This method of mining involves removing the overburden with heavy earth moving equipment, scooping out the coal, replacing the excavated soil and reestablishing vegetation and plant life, a process known as reclamation. It accounts for about 60% of total U.S. coal production.

A large surface mine, such as those found in the western U.S. can be three miles long and a mile wide. The mine is always on the move with mining take place at one location and reclamation occurring at another.

Modern surface mining is as much a land reclamation process as it is a means of extracting coal. Reclaimed sites are returned to many productive uses such as recreation areas, golf courses, wildlife preserves, parks, farms, wetlands, housing developments, and pastures.

Continuous Mining

Continuous miners were introduced in the late 1940s and use a large rotating steel drum equipped with tungston carbide steel, teeth or cutting bits. Continuous mining accounts for about 47% of total U.S. underground coal production.

Continuous miners operate in the room and pillar mining system in which a series of 18 to 20 foot wide rooms are driven in the coalbed with pillars or columns of coal left standing to help support the roof. The roof is also supported by roof bolts typically four to seven feet in length inserted into holes bored into the roof to bind the layers of strata together.

Longwall Mining

Originating in Europe, modern longwall mining in the U.S. began in 1960 and now accounts for 54% of total underground production. Longwall mining is highly productive and is the safest method of underground mining as the workers operate under the steel roof canopies of hydraulic shield supports.
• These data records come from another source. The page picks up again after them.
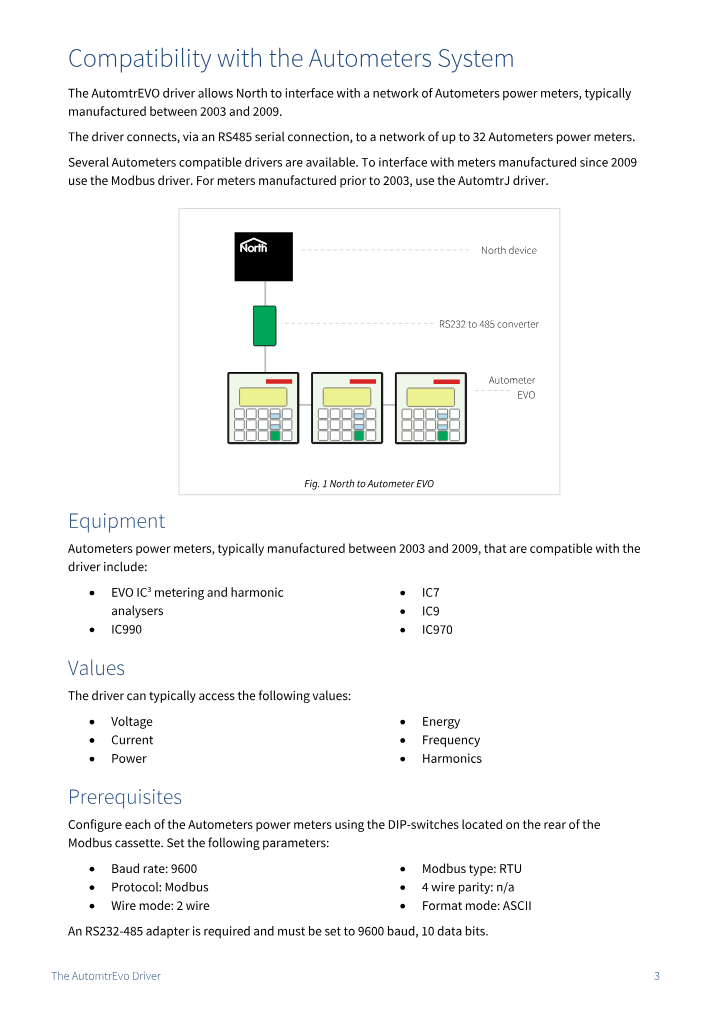 Preview thumbnail of page 3 of the AutomtrEvo Driver Manual PDF document.
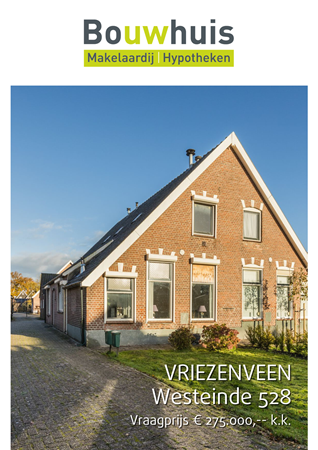 Brochure - Westeinde 528, 7671 CT VRIEZENVEEN (2) - Westeinde 528, 7671 CT Vriezenveen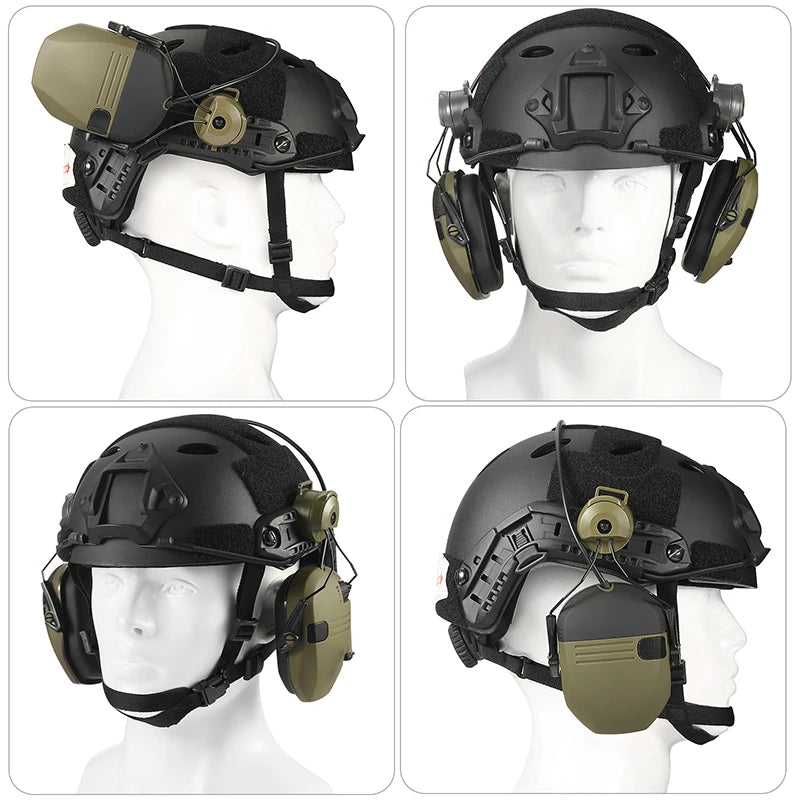 Earmuffs Active Headphones for Shooting – Electronic Hearing Protection & Noise Reduction for Hunting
A shearer machine fitted with two rotating cutting drums is hauled mechanically back and forth across the coal face cutting and loading the coal onto a heavy chain conveyor which delivers it onto a belt conveyor and out of the mine. The longwall panel or block is typically 1,000 feet wide and three or four miles long. The longwall shields advanced with the machine as mining proceeds and allows high levels of production and increased safety.